McMurray, Caraman, & Steyer (L to R) in HCO's La Traviata
Harbor Country Opera is a little gem, and its majordomo Bob Swan, an opera singer himself, has been staging productions for quite some time.  In recent years we have taken in, for example, a most enjoyable showing of La Boheme and a wonderful concert by Isola Jones, the famed Met star, accompanied by Bill McMurray and John Concepcion.  That La Boheme was a full production of the opera in the large auditorium of the high school in New Buffalo, the one town in Harbor Country with an actual harbor.  For La Traviata the setting was the small stage at the Acorn Theater, a modest space in a converted factory that once made corset stays from turkey feather quills when whalebone was getting hard to come by.  Fortunately, corsets went out of style before turkeys became hard to come by.  Swan and company put on a production of the major scenes from the opera, with a cast of essentially the three main characters who do most of the singing in the complete opera.  The performers were in full costume, though understandably the set was minimal.  A narrator explained the story line between scenes.  La traviata means "the fallen woman," and the libretto is based on La Dame aux Cam√©lias – The Lady of the Camellias, a play adapted from the novel by Alexandre Dumas, fils.  The camellia flower in bloom is an iconic image for this opera.

The voices were strong and clear, and the acting was convincing.  I don’t know how Swan managed to get performers of this caliber to this rural corner of Michigan, but he did.  Christine Steyer was Violetta, the consumptive courtesan, Emanuel-Cristian Caraman was her paramour Alfredo, and Bill McMurray was Giorgio Germont, Alfredo’s father.  All three have extensive performance resumes, and in fact McMurray appeared in the above-mentioned La Boheme as well as in concert with Isola Jones.  The baritone-soprano complex duet between the elder Germont and Violetta, in which he seeks to convince her to forego her loving relationship with his son for the sake of his family’s reputation, is one of my favorite duets in all of opera.  And the touching “Parigi, o caro” duet between Violetta and Alfredo, in her last moments, was splendidly done.  All in all, a wonderful show from a wonderful cast.  And notably, the bar was stocked with chilled Prosecco, a Venetian sparkling wine appropriately served and enjoyed at an opera that debuted at the storied La Fenice opera house in that very city.

At HCO’s “Broadway Blitz” show earlier this summer, Bob Swan introduced the show and mentioned some recent health trouble.  The other day he looked stronger, a most welcome sign for fans of Harbor Country Opera.  Salut, Mr.
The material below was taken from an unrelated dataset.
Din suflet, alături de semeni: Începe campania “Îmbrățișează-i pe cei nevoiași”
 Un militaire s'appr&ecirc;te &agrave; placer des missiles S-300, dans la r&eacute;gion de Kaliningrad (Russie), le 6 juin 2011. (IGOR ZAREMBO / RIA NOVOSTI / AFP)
Swan.


R Balsamo

Tuesday, September 13, 2016

Lyric Opera Under the Stars – 2016


The opera gods had their way last Friday and stopped the light drizzle just as the concert began.  It turned out to be a beautiful evening under the stars at Chicago's lakefront Millennium Park for the annual Stars of the Lyric Opera concert.  

The concert, though, was a bit more mixed than the weather.  The new regime at the Lyric does not seem overly-enamored with Italian opera, and the concert as well as the new season reflects that (just two of the upcoming season's eight operas are Italian, with not a single Verdi or Puccini; but in fairness the two chosen – Norma and Lucia – are two of the very best). Selections from four of the new season's eight planned operas were performed, highlighted by mezzo Tanja Ariane Baumgartner's appearance in a flaming red dress as Carmen for the habanera, which she sang wonderfully.

Other than the selections from Carmen and Lucia and a crowd sing-along of the stirring Va Pensiero chorus from Nabucco (a highlight of last season), there wasn't much red meat, operatically speaking, on the bill.  No duets or trios, and just how many concerts feature not one but two bass arias?  I was hoping for a selection from the upcoming Berlioz masterpiece Les Troyens (The Trojans), which I have been studying, but no dice, and nothing from Norma.

Nevertheless, a wonderful way to spend a Friday September evening by the lakeshore, gratis, thanks once again to the Lyric Opera.